焦げ臭さを感じて視線を上げたわたしの目に、あり得ない物が映る。
それは初めはちろちろと小さなものだった。けれどすぐに広がる赤――紅。炎。
花畑から、庭木から、お家から、青かったはずの空までいつの間にか夕焼けよりも赤く染まって、見慣れたはずの景色はあっという間に紅く染め上げられる。
突然のことにどうすることも出来なかったわたしは、だけど気が付いた時には走り出していた。
いつの間にか炎は見慣れたお庭のあちこちからその姿を現し、たお庭を赤く染めてゆく。色とりどりのお花を呑み込み、瑞々しい緑の葉をつけていた木々はまるで秋が訪れたみたいに紅く燃え上がる。
所々に庭木が倒れていて通れなくなってしまったお庭はまるで迷路みたいで、すっかり様変わりしてしまったお庭を抜けて、わたしはお家に飛び込んだ。お庭よりはまだ少ないけれど、お家の中もあちこち紅い爪が突き立てられていて、今にも広がろうとしている。
お父さんとお母さんの姿を探して、わたしはお家の中を走る。二人だけじゃなくていつもならすぐにわたしの姿を見つけてくれるはずの執事のお兄さんやメイドのお姉さんの姿もなくて、お家の中で走っちゃいけませんと怒られない代わりにしんと静まりかえったお家が、余計にわたしの不安をかき立てる。
長い廊下を曲がったその時、何かに足を取られてわたしは盛大に転んでしまう。毛足の長い絨毯が敷かれているからちょっと転んだくらい鮭がなんてしないけど、いったい何に躓いてしまったんだろう? きれい好きのお姉さん達がいつも掃除をしているから、廊下にものを起きっぱなしにしているなんてまず無いのに。
確かめようと体を起こしたわたしの目に映ったのは、絨毯の上でふせをしている大きな犬。
さっきまで一緒にお庭にいたはずなのに、いつの間にかはぐれてしまっていたことに今になって気付く。ちっとも動かないと言うことは、こんな所で寝てしまったんだろうか? そう思って手を伸ばして、気付く――眠っているように見える大きな犬の体の下に、絨毯の赤い色とは違う朱が広がっていることに。
朱い色は、まるで湧き出す水みたいにわたしが見ている前でじわじわと広がってゆく。
広がる朱がなんなのか、頭が理解するよりも先に体が拒否反応を起こす。

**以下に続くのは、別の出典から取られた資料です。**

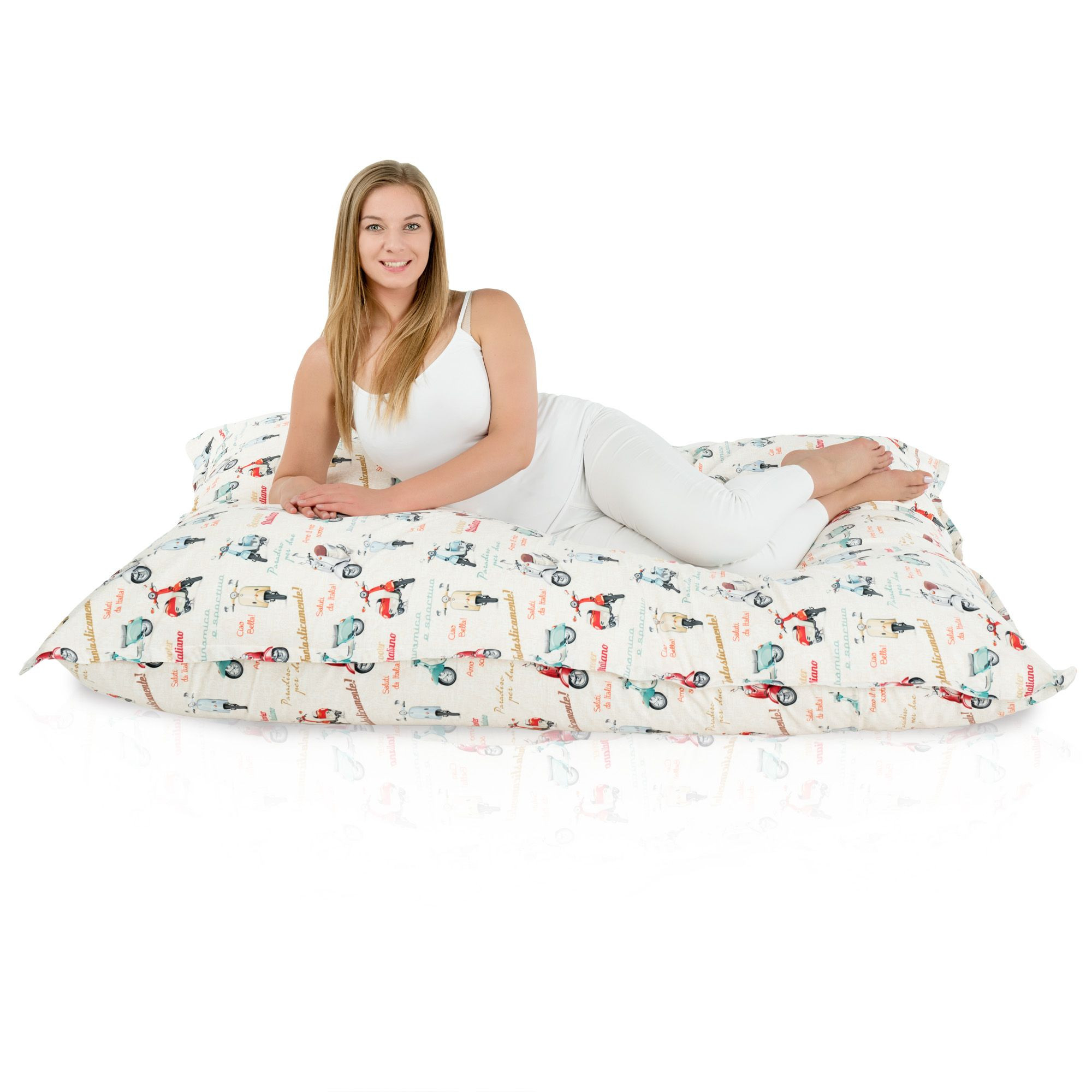 Polštář na sezení Italia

目の前に広がる現実を理解する事を拒んで回れ右したわたしの視界に、ふと見慣れた人影が映った。
お庭に咲いていた赤い花よりも、お家の朱い屋根よりも、廊下に敷かれた絨毯よりも紅い髪を持つ男の人と女の人。
わたしと同じ紅い髪。
お父さんとお母さんの姿を見つけて、だけどわたしの中に生まれたのは安堵じゃなくて戸惑いの感情。

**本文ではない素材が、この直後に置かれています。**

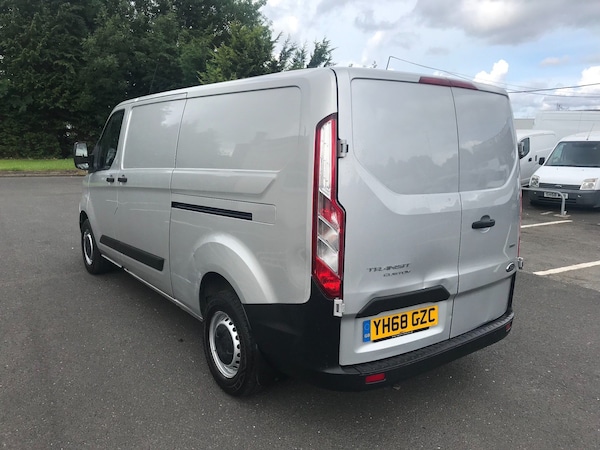 Used Ford Transit Custom 2018 for sale - 67904798: Photo 5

だって、お父さんもお母さんも大きな犬と同じように、朱い染みの上に倒れていたから。
今すぐ駆け寄りたいのに、まるで足外資になってしまったみたいに動かない。――だめ、これ以上は――まるで自分の体なのに自分のものじゃないみたいで、呆然とするわたしの前で、お父さんとお母さんの体はみるみる人の形を無くしていく。
朱い水たまりに解けるように沈んでゆくお父さんとお母さんの姿。――いや、もう嫌――だけどわたしは何一つ出来無いまま、為す術もなくそれを見ているしかできない。

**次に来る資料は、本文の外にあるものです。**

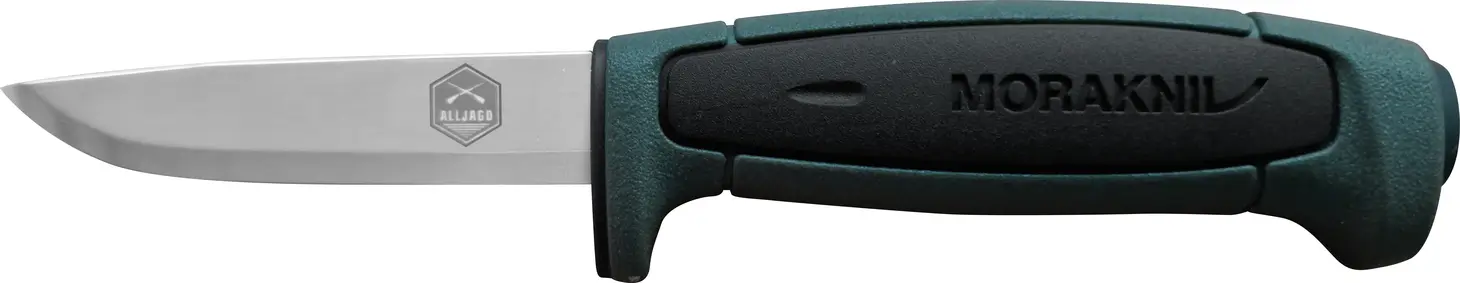 Morakniv Basic 546 grün/schwarz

やがてお父さんとお母さんの姿はほとんど水たまりの中に沈んで、残ったのは朱い染みの上に転がる、まるでジャムのような固まりがいくつかで。
花の香りよりも燃える炎の匂いよりも、尚黒立ちこめる濃密な香り。生物的な本能がそれを理解する事を拒否する。吐き気を訴える。――お願い、もう――まるでここにいてはいけないと、これ以上見てはいけないというようにわたしの体をぐらぐら揺らす。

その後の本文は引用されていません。